▶ **INFORMATION SUPPLIED**:

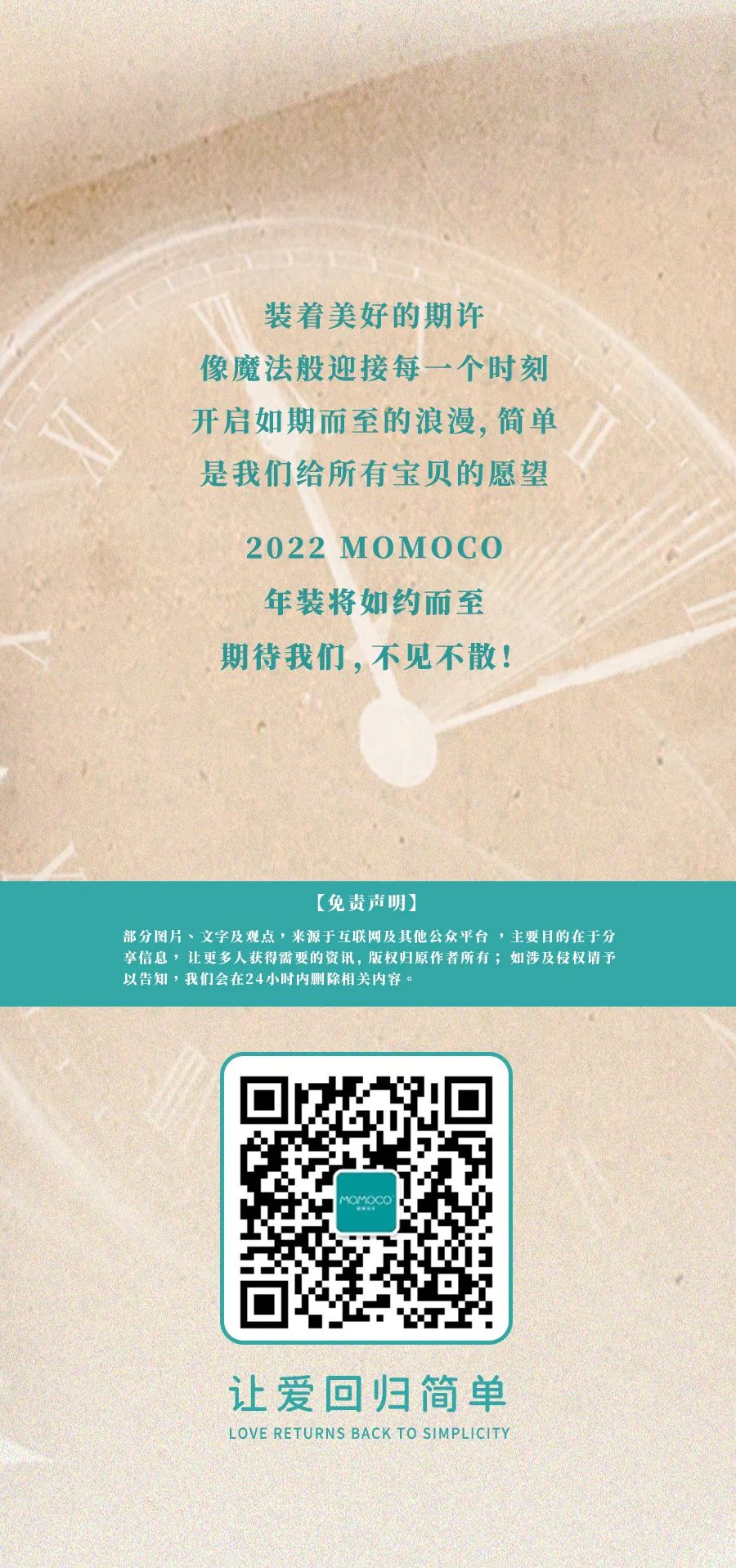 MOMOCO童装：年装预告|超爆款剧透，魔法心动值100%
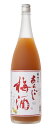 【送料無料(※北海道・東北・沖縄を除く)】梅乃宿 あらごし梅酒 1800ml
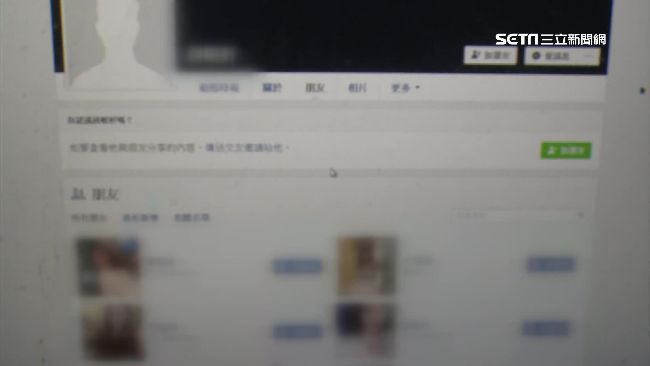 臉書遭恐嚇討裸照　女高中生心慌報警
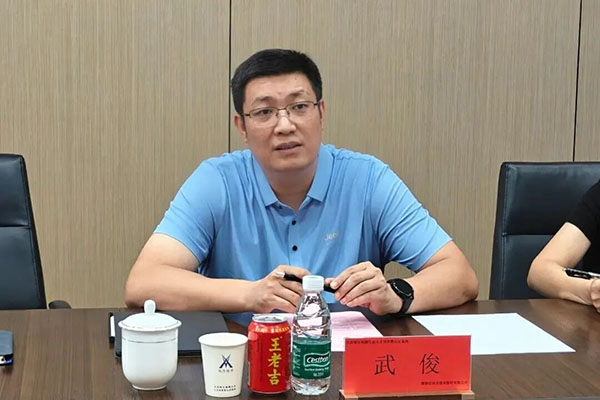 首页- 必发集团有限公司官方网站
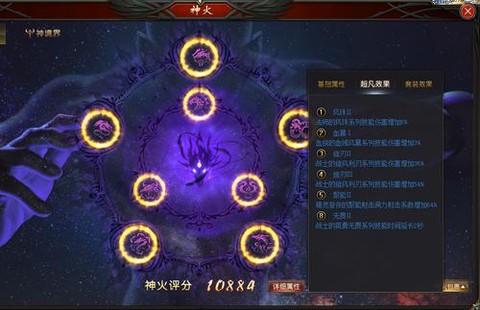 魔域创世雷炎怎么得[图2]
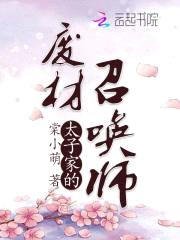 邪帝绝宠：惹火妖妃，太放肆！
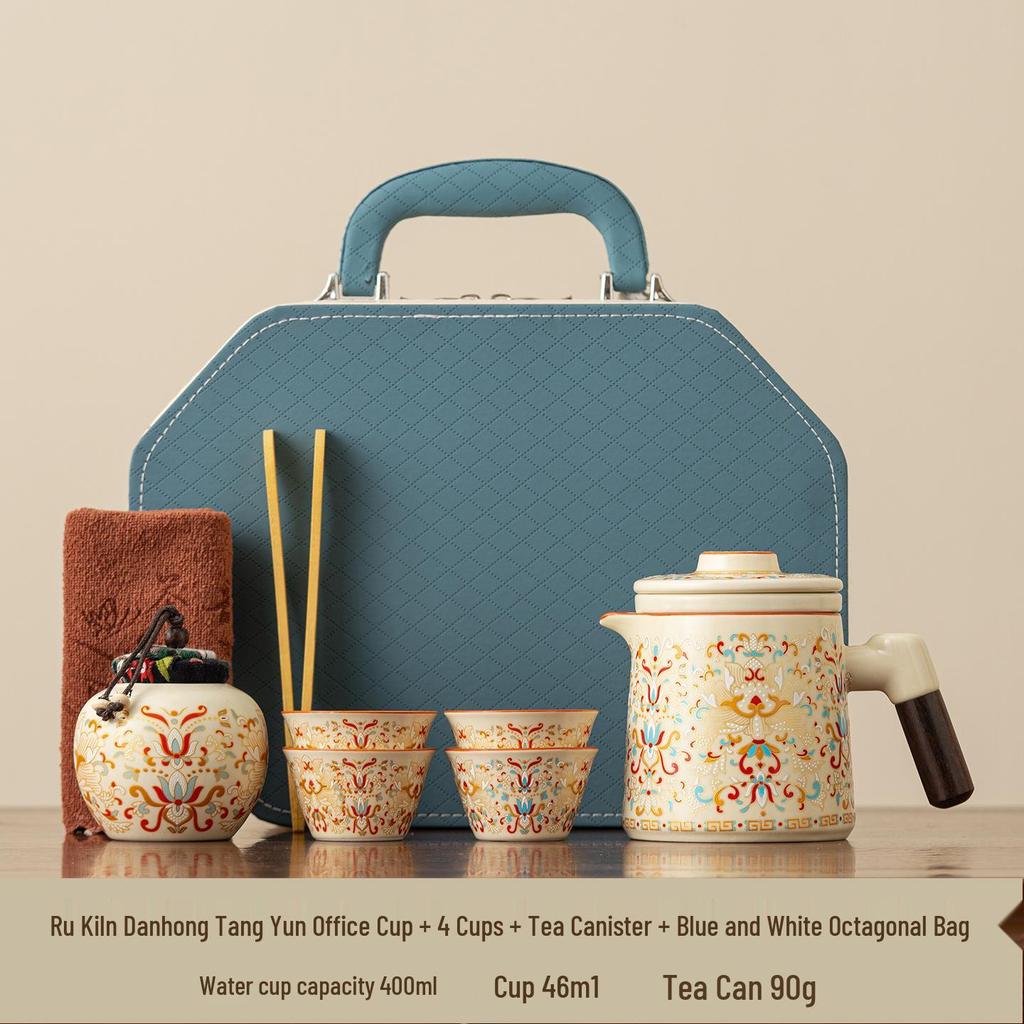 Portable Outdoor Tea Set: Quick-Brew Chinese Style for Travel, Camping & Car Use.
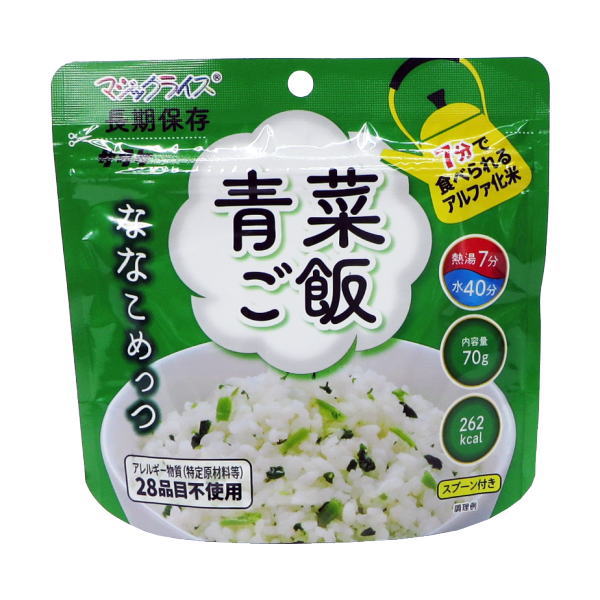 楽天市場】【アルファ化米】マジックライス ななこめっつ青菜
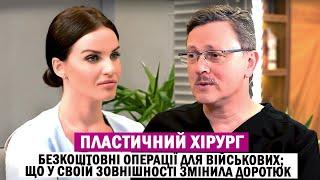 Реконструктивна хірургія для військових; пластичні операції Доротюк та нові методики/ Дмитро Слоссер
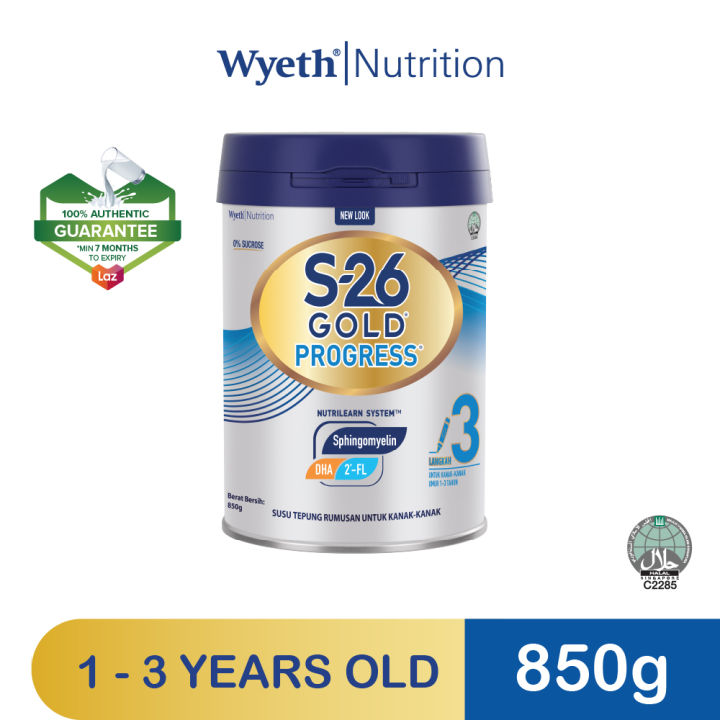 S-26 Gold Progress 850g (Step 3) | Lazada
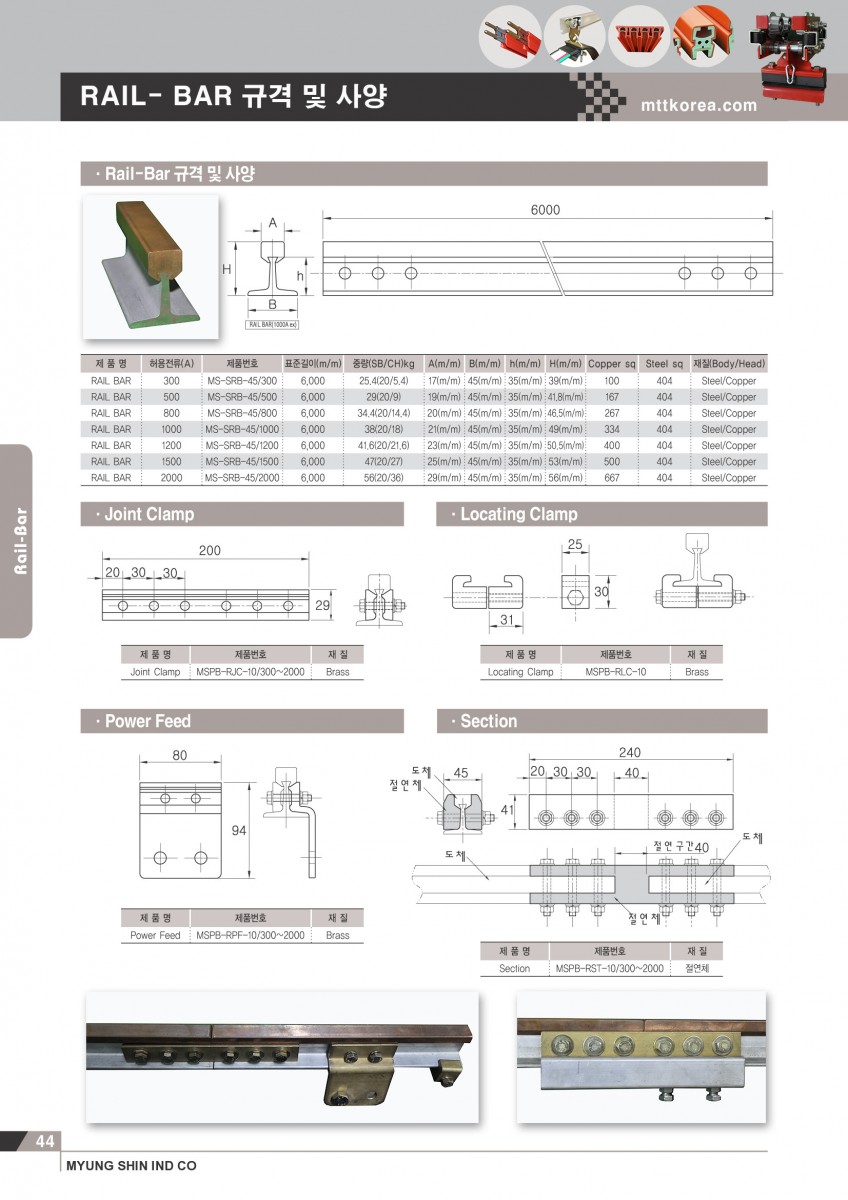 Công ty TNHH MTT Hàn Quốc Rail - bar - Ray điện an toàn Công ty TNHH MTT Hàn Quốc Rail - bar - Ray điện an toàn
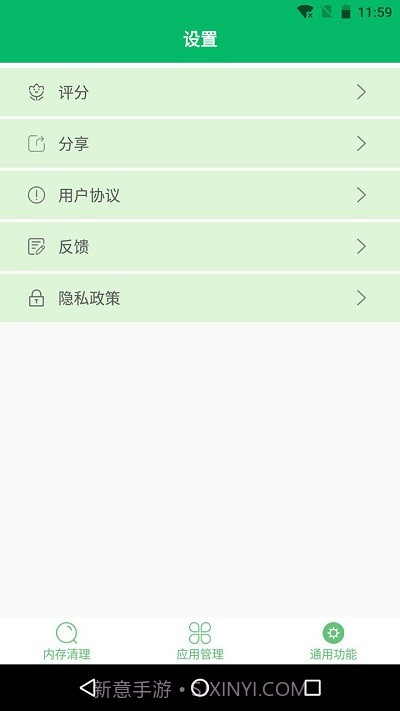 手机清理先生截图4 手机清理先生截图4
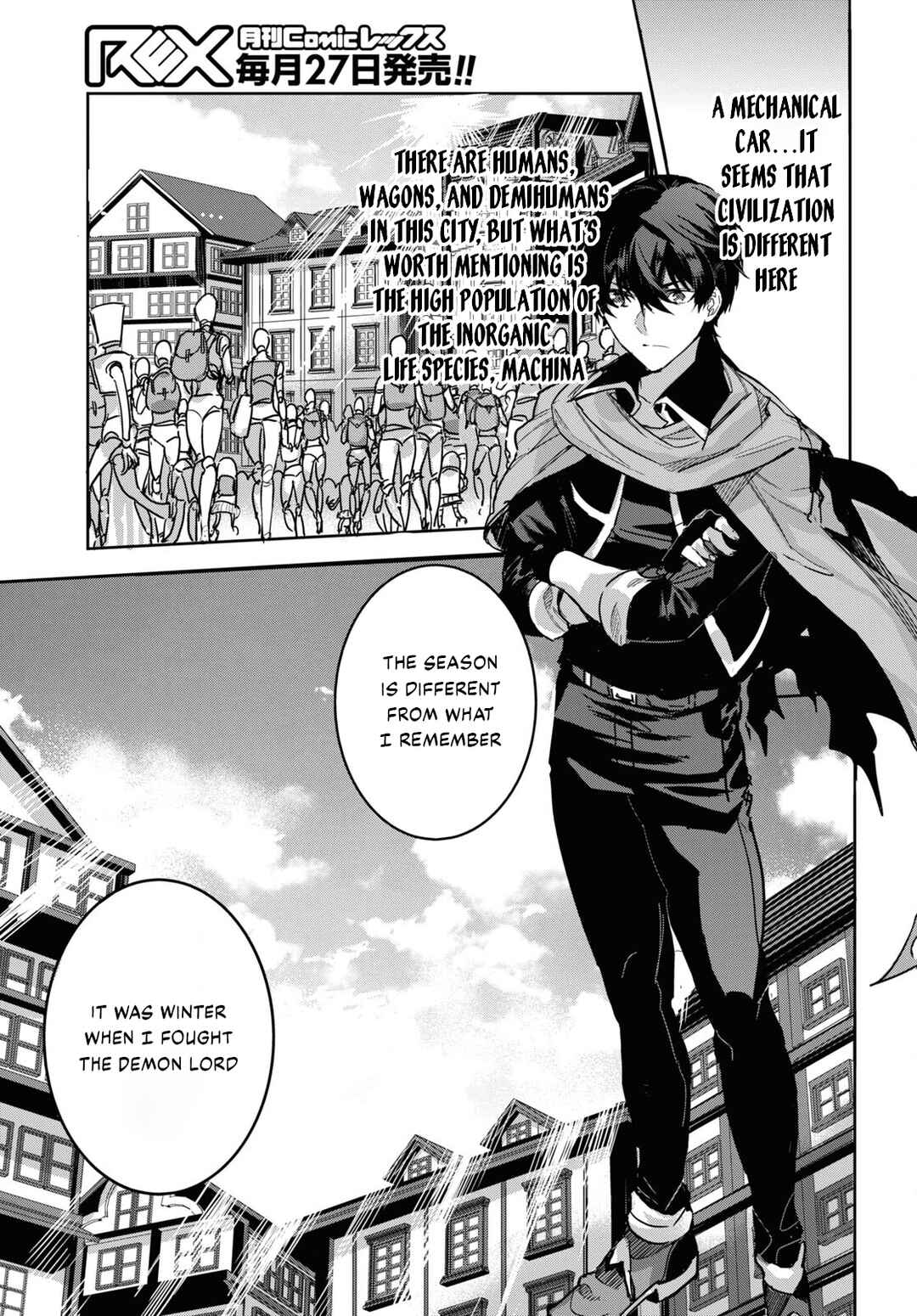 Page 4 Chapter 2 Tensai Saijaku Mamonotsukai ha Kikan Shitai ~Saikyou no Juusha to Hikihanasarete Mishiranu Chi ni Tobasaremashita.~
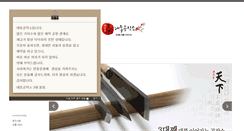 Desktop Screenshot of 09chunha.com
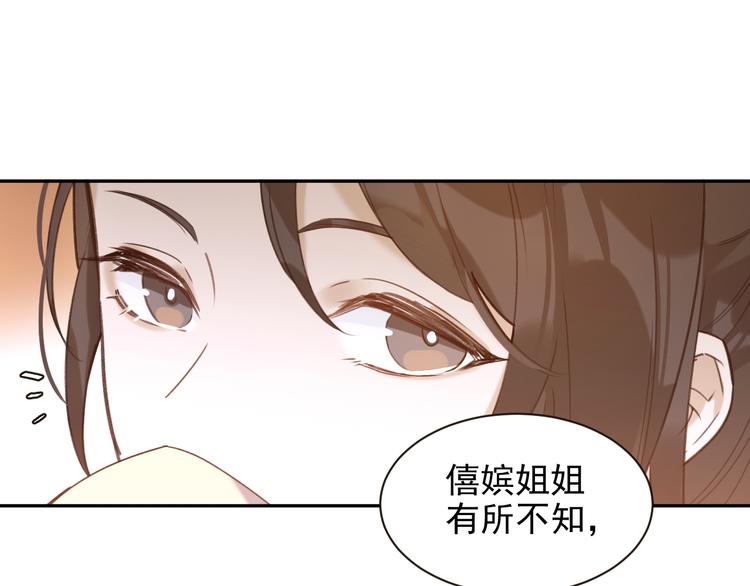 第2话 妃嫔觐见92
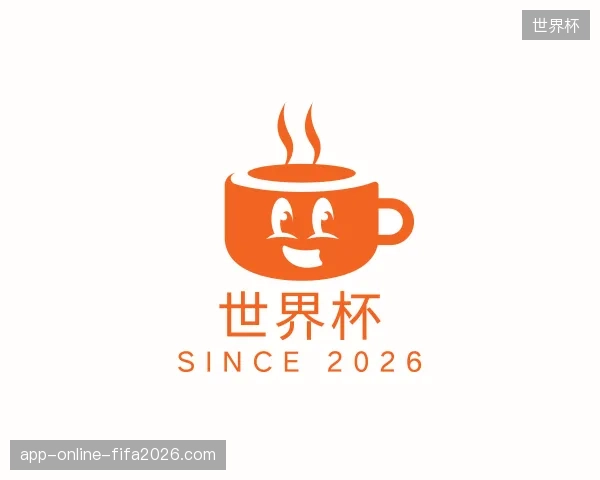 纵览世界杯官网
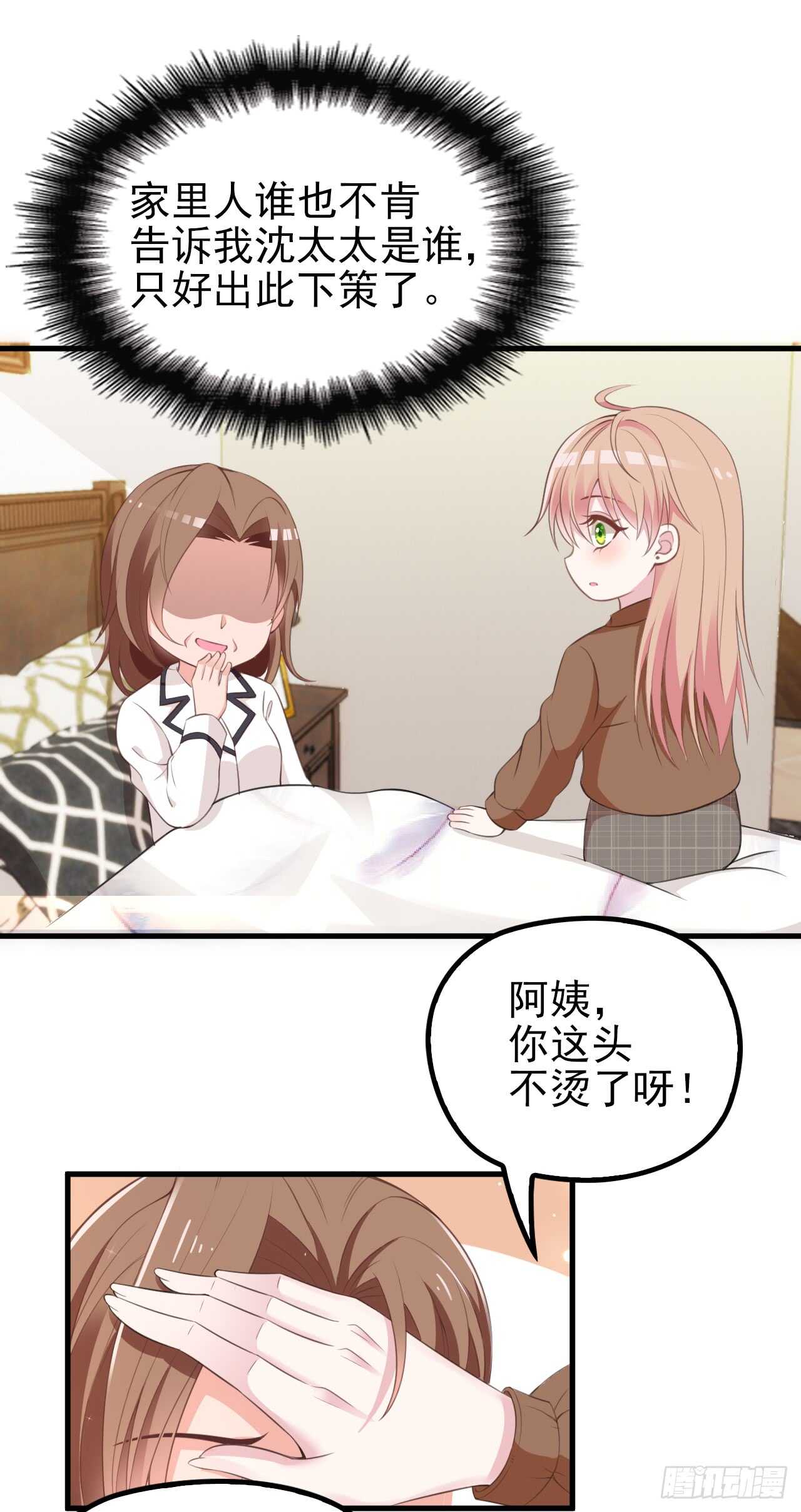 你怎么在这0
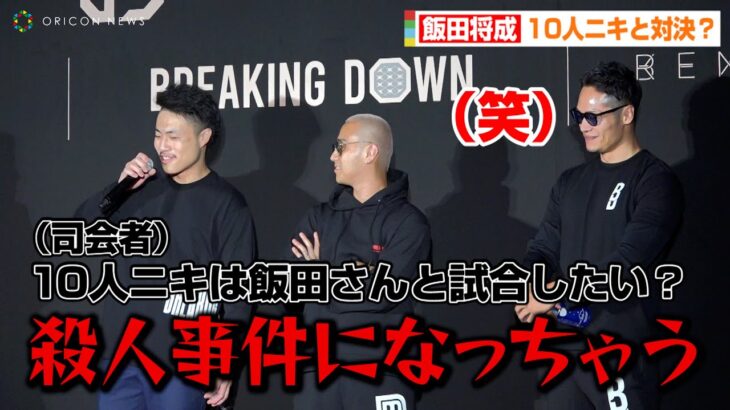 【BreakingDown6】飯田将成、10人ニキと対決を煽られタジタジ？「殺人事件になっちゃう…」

▶ **REQUIRED ACTION**:
Please return exactly the lines from the one containing "an toàn Công" through the end of the material above, both ends included, but not the pictures.

▶ **ANSWER BOX**:
 Công ty TNHH MTT Hàn Quốc Rail - bar - Ray điện an toàn Công ty TNHH MTT Hàn Quốc Rail - bar - Ray điện an toàn
 手机清理先生截图4 手机清理先生截图4
 Page 4 Chapter 2 Tensai Saijaku Mamonotsukai ha Kikan Shitai ~Saikyou no Juusha to Hikihanasarete Mishiranu Chi ni Tobasaremashita.~
 Desktop Screenshot of 09chunha.com
 第2话 妃嫔觐见92
 纵览世界杯官网
 你怎么在这0
 【BreakingDown6】飯田将成、10人ニキと対決を煽られタジタジ？「殺人事件になっちゃう…」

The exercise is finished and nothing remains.